CLDN11 was identified as a novel cause of HLD in 2020 through trio exome sequencing in three unrelated pediatric patients (2 male, 1 female) (Riedhammer et al., 2020). These patients carried de novo, heterozygous stop-loss variants: two had a c.622T>C, p.(*208Glnext*39) variant, while the third patient had the c.622T>G, p.(*208Gluext*39) variant (Riedhammer et al., 2020). Although additional disease-associated variants are listed in databases such as ClinVar and gnomAD, with associated phenotypes like marfanoid habitus and intellectual disability (National Center for Biotechnology Information, 2022), only the stop-loss variants are categorized as pathogenic to date.
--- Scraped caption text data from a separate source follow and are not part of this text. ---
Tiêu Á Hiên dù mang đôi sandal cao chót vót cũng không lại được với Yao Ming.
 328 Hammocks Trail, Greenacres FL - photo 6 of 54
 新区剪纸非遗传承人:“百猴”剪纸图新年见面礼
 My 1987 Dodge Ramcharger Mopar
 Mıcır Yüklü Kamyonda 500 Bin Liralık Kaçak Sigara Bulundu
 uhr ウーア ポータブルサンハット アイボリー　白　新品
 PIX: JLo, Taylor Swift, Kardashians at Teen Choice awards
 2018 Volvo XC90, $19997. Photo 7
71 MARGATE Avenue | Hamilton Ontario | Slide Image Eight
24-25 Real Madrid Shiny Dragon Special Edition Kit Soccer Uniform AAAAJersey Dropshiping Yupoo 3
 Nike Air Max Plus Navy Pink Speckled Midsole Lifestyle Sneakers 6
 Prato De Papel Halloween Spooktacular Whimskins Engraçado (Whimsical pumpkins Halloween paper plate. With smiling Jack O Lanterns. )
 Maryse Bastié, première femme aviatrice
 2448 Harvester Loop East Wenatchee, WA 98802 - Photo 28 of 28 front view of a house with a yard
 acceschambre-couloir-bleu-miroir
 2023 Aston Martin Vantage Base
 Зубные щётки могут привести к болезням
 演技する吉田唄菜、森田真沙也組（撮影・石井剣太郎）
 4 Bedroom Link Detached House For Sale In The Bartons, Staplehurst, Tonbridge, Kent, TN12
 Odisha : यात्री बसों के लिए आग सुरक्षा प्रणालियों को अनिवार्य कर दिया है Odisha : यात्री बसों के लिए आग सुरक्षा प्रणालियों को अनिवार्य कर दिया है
The de novo stop-loss variants are predicted to result in a 39-amino acid extension at the cytoplasmic C-terminal end of claudin-11 (Riedhammer et al., 2020). This extension is predicted to form an alpha helix that does not integrate into the cytoplasmic membrane (Riedhammer et al., 2020). Imaging findings of the patients showed that T1-weighted images had signal intensity near normal, whereas T2-weighted images showed reduced myelination of white matter structures (Riedhammer et al., 2020). All three individuals presented with delayed developmental milestones, contractures, nystagmus, drooling, hypermetropia, severe disarticulation, and require mobility support when walking and climbing stairs, features that are shared with PMD and other HLDs (Riedhammer et al., 2020). Interestingly, hypermetropia is not a common clinical feature of HLD, suggesting its potential as a diagnostic marker for HLD22 (Riedhammer et al., 2020). HLD22 affects paediatric patients and is both early onset and progressive (Riedhammer et al., 2020). The underlying mechanisms for this disease are currently not well understood, and effective treatments are currently lacking.

Since the description of the first three patients with CLDN11-related HLD22, at least three more individuals have been identified with a clinical phenotype compatible with HLD22 and with CLDN11 variants leading to an extended protein (unpublished). Currently, it is not clear whether CLDN11 variants causing other types of changes in the protein are associated with a similar phenotype in humans.